What are the equivalents in the humanities, like sociology or literature? (I asked a month ago on Twitter and got zero suggestions...)

Normalization-free Bayes: I was musing on Twitter about what the simplest possible still-correct computable demonstration of Bayesian inference is, that even a middle-schooler could implement & understand. My best candidate so far is ABC Bayesian inference*: simulation + rejection, along with the 'possible worlds' interpretation.

Someone noted that rejection sampling is simple but needs normalization steps, which adds complexity back. I recalled that somewhere on LW many years ago someone had a comment about a Bayesian interpretation where you don't need to renormalize after every likelihood computation, and every hypothesis just decreases at different rates; as strange as it sounds, it's apparently formally equivalent. I thought it was by Wei Dai, but I can't seem to refind it because queries like 'Wei Dai Bayesian decrease' obviously pull up way too many hits, it's probably buried in an Open Thread somewhere, my Twitter didn't help, and Wei Dai didn't recall it at all when I asked him. Does anyone remember this?

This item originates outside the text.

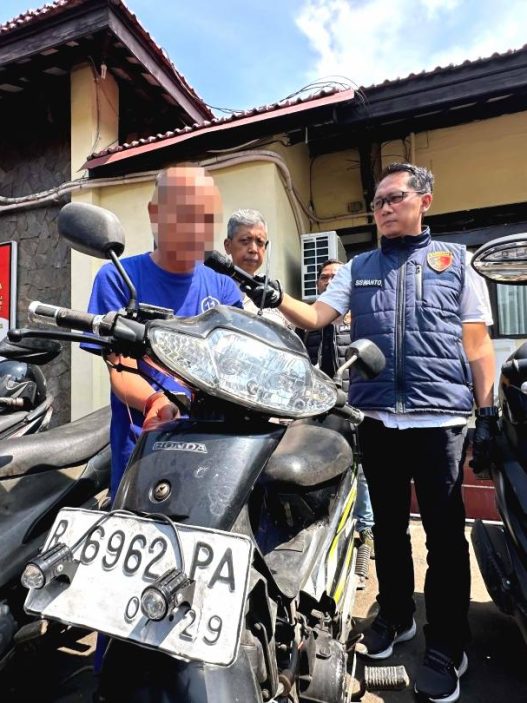 Warga banyumas curi motor di halaman masjid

* I've made a point of using ABC in some analyses simply because it amuses me that something so simple still works, even when I'm sure I could've found a much faster MCMC or VI solution with some more work.


Incidentally, I'm wondering if the ABC simplification can be taken further to cover subjective Bayesian decision theory as well: if you have sets of possible worlds/hypotheses, let's say discrete for convenience, and you do only penalty updates as rejection sampling of worlds that don't match the current observation (like AIXI), can you then implement decision theory normally by defining a loss function and maximizing over it? In which case you can get Bayesian decision theory without probabilities, calculus, MCM, VI, etc or anything more complicated than a list of numbers and a few computational primitives like coinflip().

Doing another search, it seems I made at least one comment that is somewhat relevant, although it might not be what you're thinking of: https://www.greaterwrong.com/posts/5bd75cc58225bf06703751b2/in-memoryless-cartesian-environments-every-udt-policy-is-a-cdt-sia-policy/comment/kuY5LagQKgnuPTPYZ

Funny that you have your great LessWrong whale as I do, and that you recall that it may be from Wei Dai as well (while him not recalling)

 https://www.lesswrong.com/posts/X4nYiTLGxAkR2KLAP/?commentId=nS9vvTiDLZYow2KSK

2-of-2 escrow: what is the exploding Nash equilibrium? Did it really originate with NashX? I've been looking for the history & real name of this concept for years now and have failed to refind it. Anyone?